6) Shut down the mgmt0 port
7) Pre-provision FEXes, otherwise you won’t be able to paste the config for the FEX interfaces.
Be sure to specify the correct model.. N2K-C2248T is correct for N2K-C2248TP-1GE

slot 102
provision model N2K-C2248T 
slot 103
provision model N2K-C2248T
…etc

Some config may look like it’s in a different order to the peer when pre-provisioned but it will sort itself out when the FEXes are online.
8) Apply the correct config via console (see note above regarding channel-group bug) – double check any long lines such as spanning-tree vlan config.

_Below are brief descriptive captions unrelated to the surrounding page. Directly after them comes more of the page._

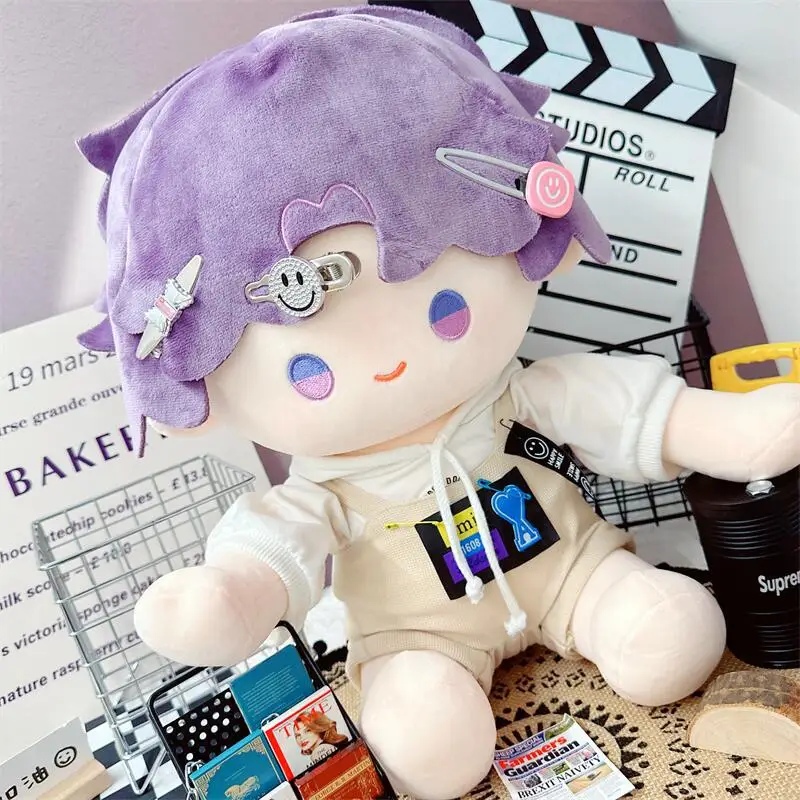 애니메이션 아이돌 인형 옷, 40cm 어깨 스트랩 바지, 흰색 강아지 후디, 세트 귀여운 봉제 인형 옷, 어린이 소녀 팬 선물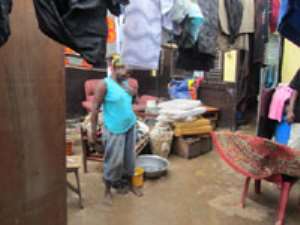 One of the displaced residents crying uncontrollably during the visit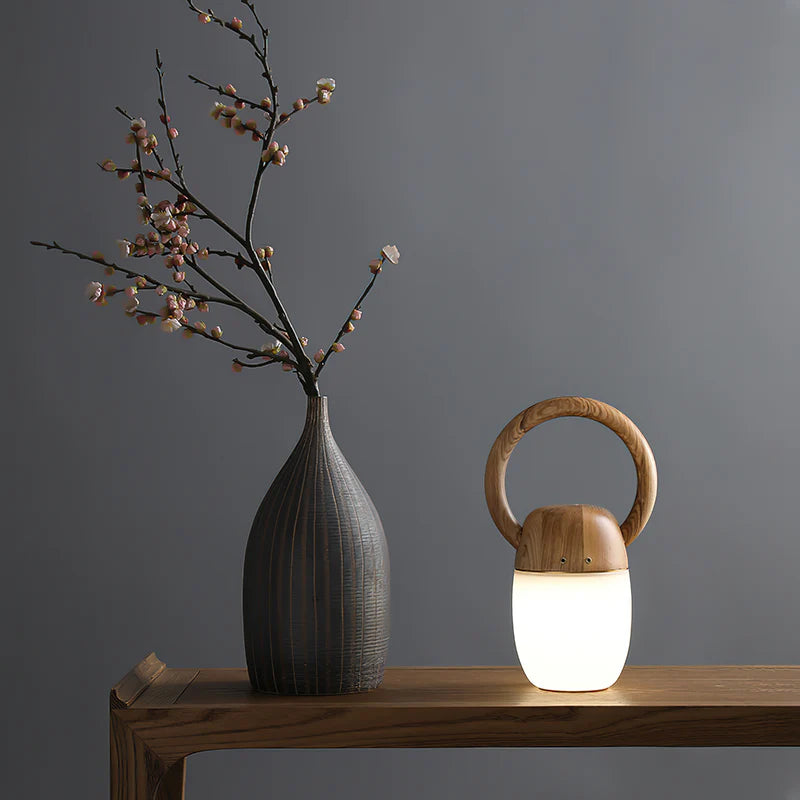 Ring Handle Wood Lantern Glowryte
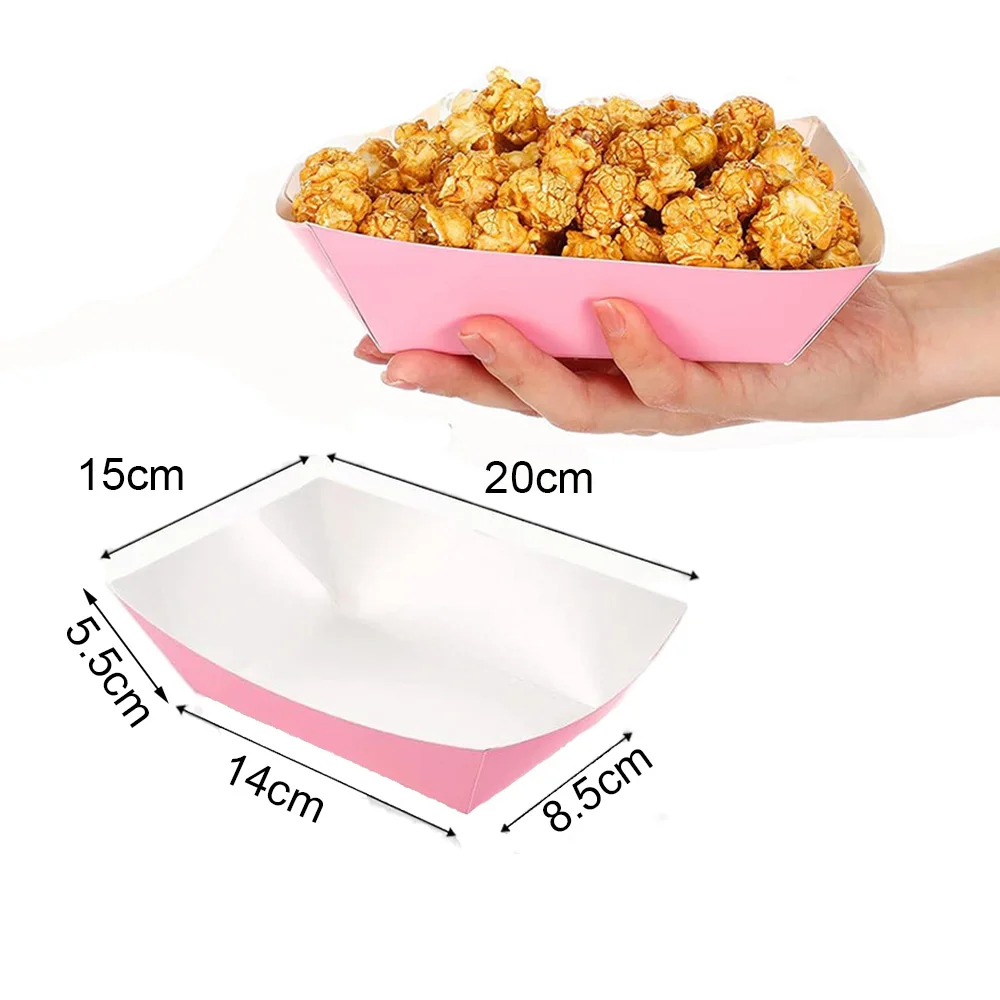 Party Disposable Paper Food Trays Pink Red Blue Black Plate Boats Box BBQ Dessert Multiple-topic Wedding Birthday Party Supplies thumbnail 6
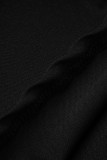 Macacão skinny básico casual fashion preto sólido com decote em V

Remove the additional management VRF default route from step 3 if it’s different to the config you put in.
9) Shut down all ports (including mgmt) – use range commands ie: int e1/1-48
10) Connect all cables to ports

NB: Cisco say to change the vpc role priority to a higher value on the replacement but this was not necessary as we’re not using config sync. Also, the VPC peer role does not pre-empt, so if replacing primary, for example, the secondary will stay in “secondary, operational primary” state.

Re-introduction:

Monitor console messages for anything strange from the Dist layer with term mon. You should see VPCs come up OK. I also set several pings running to hosts in the row that are connected to the now single-homed FEXes.
1) Open up mgmt port from console which will now have the correct IP. Check you can ping peer unit.
2) Open up all infrastructure liks to core/dist layer and the peer unit
3) Open FEX links (I did one pair of links at a time to catch any cabling issues – paranoid!)
4) Test!

Useful commands:

show vpc role
show fex
show vpc consistency-parameters vpc xxx
show vpc peer-keepalive
show port-channel database int poXXX